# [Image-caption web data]
········
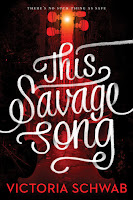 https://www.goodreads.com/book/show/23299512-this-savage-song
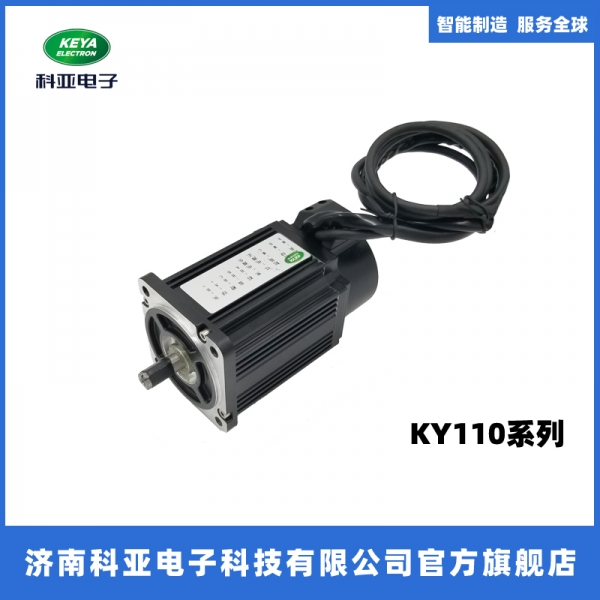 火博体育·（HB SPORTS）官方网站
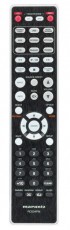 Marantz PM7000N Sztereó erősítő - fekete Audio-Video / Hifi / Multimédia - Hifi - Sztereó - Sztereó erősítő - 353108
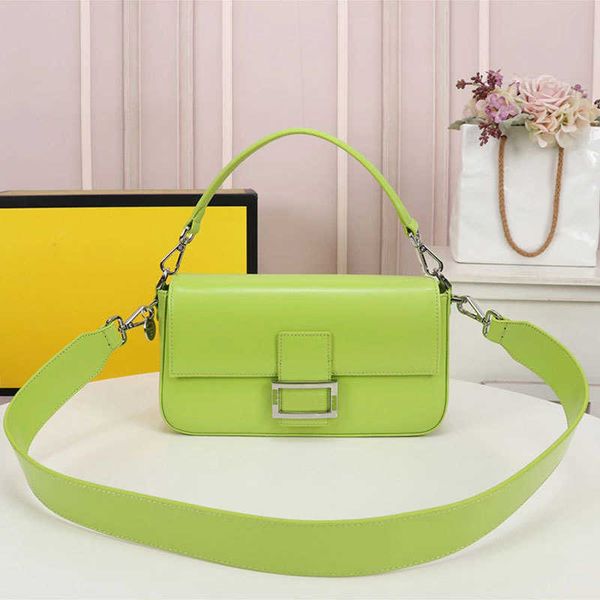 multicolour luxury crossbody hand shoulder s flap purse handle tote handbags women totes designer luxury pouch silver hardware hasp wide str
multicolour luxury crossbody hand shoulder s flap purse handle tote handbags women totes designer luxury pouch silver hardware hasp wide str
········
Copy the records above exactly. The pictures are not part of the copy.

# [Result of this exercise]
 https://www.goodreads.com/book/show/23299512-this-savage-song
 火博体育·（HB SPORTS）官方网站
 Marantz PM7000N Sztereó erősítő - fekete Audio-Video / Hifi / Multimédia - Hifi - Sztereó - Sztereó erősítő - 353108
 multicolour luxury crossbody hand shoulder s flap purse handle tote handbags women totes designer luxury pouch silver hardware hasp wide str
multicolour luxury crossbody hand shoulder s flap purse handle tote handbags women totes designer luxury pouch silver hardware hasp wide str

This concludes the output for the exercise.